What you have to do: In the answer, each line must appear exactly as in the records, and no picture may appear.

'''

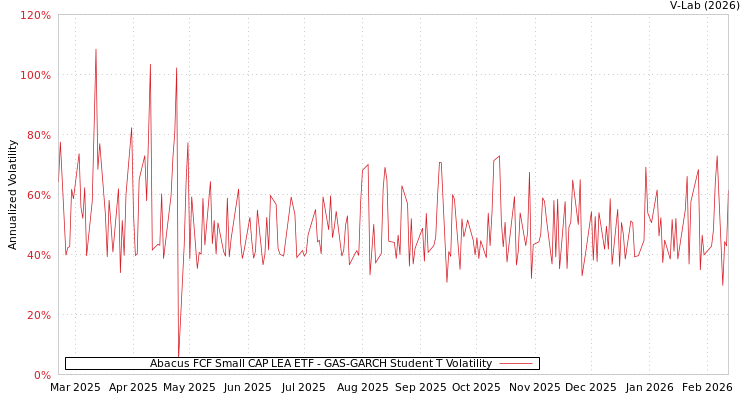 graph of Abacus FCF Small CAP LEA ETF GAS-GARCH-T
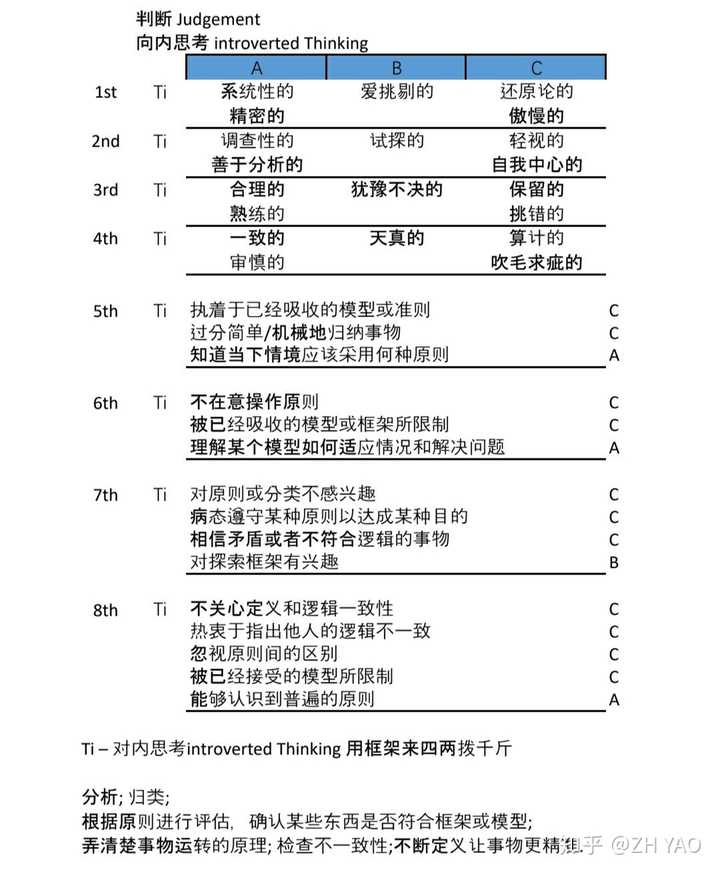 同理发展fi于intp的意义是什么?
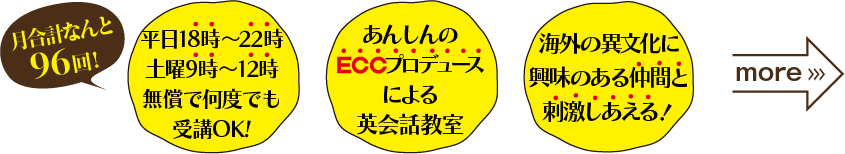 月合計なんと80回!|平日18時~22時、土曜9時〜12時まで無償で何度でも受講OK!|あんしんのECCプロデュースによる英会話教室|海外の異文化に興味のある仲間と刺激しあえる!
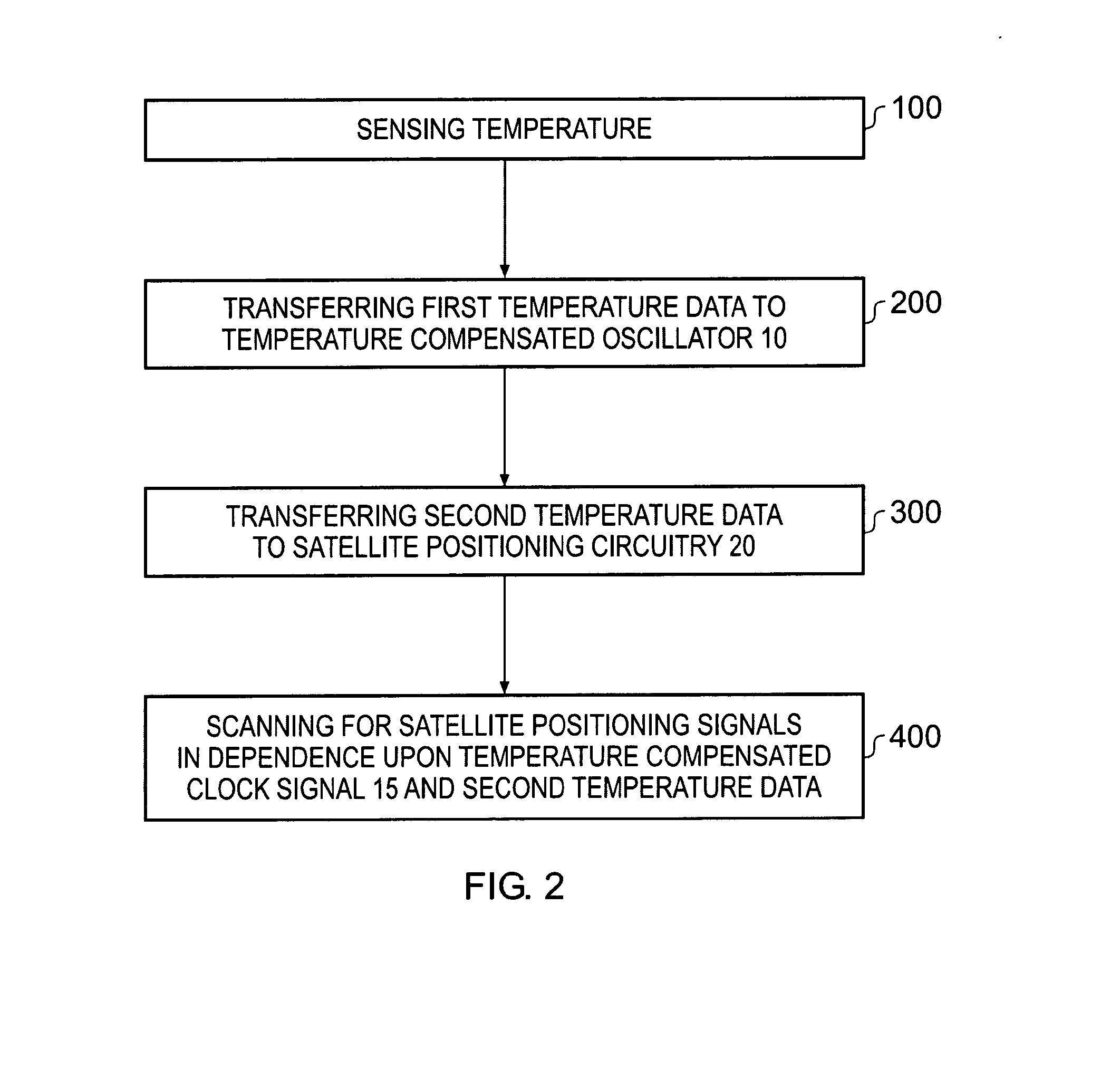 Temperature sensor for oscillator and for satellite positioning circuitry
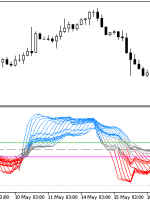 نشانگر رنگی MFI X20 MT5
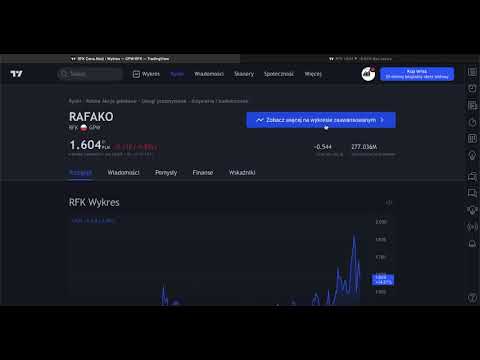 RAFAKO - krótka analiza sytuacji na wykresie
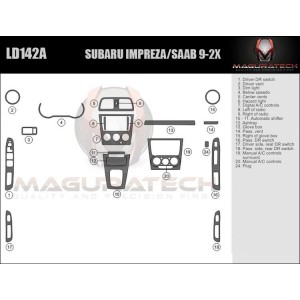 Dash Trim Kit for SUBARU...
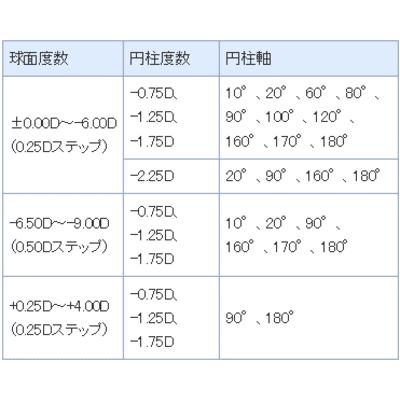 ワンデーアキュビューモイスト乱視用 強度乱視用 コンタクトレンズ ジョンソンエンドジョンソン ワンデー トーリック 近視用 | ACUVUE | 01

'''

Solution for this problem:
 graph of Abacus FCF Small CAP LEA ETF GAS-GARCH-T
 同理发展fi于intp的意义是什么?
 月合計なんと80回!|平日18時~22時、土曜9時〜12時まで無償で何度でも受講OK!|あんしんのECCプロデュースによる英会話教室|海外の異文化に興味のある仲間と刺激しあえる!
 Temperature sensor for oscillator and for satellite positioning circuitry
 نشانگر رنگی MFI X20 MT5
 RAFAKO - krótka analiza sytuacji na wykresie
 Dash Trim Kit for SUBARU...
 ワンデーアキュビューモイスト乱視用 強度乱視用 コンタクトレンズ ジョンソンエンドジョンソン ワンデー トーリック 近視用 | ACUVUE | 01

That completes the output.